With all this in place, let’s see how the batch size was affecting the training:

ResNet50

Let’s start with the error rate:

ResNet50 errors

Here we see that batch sizes 4 and 8 are not that good, and 32 gave us the lowest error after 10 epochs of training.

Now let’s look at the training time:

ResNet50 training time

Unsurprisingly, batch sizes 4 and 8 were slow due to copying overhead, while batch sizes of 32 and 64 were the fastest. Interestingly, a batch size of 128 was also slower than 32 and 64.

ResNet34

With a reduced number of layers the model error rate seems to follow the same pattern as before: batch size 32 looking better than the others (however not that much) and batch size 4 again showed the lowest performance.

ResNet34 errors

Speaking of training time we see the same picture: batch sizes of 32 and 64 being the fastest, and 4 being the slowest.

ResNet34 training time

Initially, the learning performance doubles when we double the batch size (bs16 is twice as fast as bs8, and bs8 is twice as fast as bs4), and stabilizes around 32 and 62 images per batch.

ResNet18

When we train the model using an even smaller ResNet architecture, our previous results are confirmed again:

ResNet18 errors

ResNet18 training time

Learning was the fastest with batch size 32, and the performance of all three 16, 32, and 64 batch sizes are very similar.

Results

We trained the classifier on the natural images resized to 224 pixels, and discovered that batch size 32 was often surpassing other candidates in terms of learning speed and error rate.
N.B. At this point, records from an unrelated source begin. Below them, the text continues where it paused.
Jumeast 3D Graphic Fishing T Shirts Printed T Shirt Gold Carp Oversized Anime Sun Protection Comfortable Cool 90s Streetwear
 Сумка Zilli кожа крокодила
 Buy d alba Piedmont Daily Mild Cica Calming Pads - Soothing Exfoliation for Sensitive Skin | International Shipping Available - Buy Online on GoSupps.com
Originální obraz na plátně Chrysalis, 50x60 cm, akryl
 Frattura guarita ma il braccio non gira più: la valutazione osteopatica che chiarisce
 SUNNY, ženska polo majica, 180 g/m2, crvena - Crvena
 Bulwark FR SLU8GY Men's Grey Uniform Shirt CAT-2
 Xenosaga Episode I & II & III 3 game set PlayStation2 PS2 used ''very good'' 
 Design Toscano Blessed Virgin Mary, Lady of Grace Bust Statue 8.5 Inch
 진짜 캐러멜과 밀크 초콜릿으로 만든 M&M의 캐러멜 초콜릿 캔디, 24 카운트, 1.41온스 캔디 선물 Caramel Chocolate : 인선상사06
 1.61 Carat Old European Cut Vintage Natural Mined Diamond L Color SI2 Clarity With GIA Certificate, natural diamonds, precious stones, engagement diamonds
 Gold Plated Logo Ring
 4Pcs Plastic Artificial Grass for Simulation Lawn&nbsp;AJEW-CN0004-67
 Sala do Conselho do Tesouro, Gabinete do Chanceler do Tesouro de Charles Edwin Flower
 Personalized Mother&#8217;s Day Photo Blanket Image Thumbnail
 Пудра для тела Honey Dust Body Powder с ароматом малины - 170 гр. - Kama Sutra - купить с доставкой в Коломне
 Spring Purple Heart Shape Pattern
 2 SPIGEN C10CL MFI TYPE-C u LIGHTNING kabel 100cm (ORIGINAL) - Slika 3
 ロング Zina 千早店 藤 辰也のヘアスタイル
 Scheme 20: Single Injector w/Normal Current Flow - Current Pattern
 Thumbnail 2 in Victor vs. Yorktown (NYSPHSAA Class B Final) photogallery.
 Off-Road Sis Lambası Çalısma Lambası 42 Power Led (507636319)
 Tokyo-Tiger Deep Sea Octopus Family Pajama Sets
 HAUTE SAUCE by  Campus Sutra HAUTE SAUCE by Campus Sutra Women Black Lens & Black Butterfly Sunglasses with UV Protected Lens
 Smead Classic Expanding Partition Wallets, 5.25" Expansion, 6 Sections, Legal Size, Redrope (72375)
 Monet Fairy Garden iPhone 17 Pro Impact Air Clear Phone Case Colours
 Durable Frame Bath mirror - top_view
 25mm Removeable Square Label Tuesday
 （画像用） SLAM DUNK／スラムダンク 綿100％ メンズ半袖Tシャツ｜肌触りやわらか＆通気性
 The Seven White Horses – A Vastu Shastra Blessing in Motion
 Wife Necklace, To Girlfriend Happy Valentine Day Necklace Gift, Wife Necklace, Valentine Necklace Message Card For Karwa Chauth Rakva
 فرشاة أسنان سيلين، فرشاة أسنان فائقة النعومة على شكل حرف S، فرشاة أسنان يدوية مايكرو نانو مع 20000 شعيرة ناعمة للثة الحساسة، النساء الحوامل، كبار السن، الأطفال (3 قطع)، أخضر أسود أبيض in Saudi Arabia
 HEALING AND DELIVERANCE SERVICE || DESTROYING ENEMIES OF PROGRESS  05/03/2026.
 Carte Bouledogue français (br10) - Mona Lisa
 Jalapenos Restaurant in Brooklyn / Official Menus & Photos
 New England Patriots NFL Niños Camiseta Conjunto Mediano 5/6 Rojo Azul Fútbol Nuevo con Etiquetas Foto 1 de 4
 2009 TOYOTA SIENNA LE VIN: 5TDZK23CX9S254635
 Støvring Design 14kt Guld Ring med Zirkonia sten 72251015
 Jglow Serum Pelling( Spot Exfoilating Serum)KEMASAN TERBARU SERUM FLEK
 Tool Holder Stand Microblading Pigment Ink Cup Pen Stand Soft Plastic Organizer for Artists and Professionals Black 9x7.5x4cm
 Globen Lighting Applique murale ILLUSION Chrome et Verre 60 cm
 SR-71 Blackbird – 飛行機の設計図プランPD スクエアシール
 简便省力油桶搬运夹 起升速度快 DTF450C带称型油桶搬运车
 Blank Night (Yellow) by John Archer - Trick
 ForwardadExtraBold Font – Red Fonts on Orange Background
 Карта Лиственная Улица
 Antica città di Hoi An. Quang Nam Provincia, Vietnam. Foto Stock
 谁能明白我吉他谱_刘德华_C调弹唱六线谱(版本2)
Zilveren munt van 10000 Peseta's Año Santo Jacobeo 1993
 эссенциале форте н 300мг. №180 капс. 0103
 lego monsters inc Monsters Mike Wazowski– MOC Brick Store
This means that it is probably going to be a good default candidate when we try to analyze natural images and want to iterate quickly, for example when wanting to clean up the dataset.

Batch sizes of 8 and less are probably better be avoided if your images are small due to high overhead on data transfer.

Training with a batch size of 128 was slower and a bit less accurate, so it might not be the ideal candidate to start with.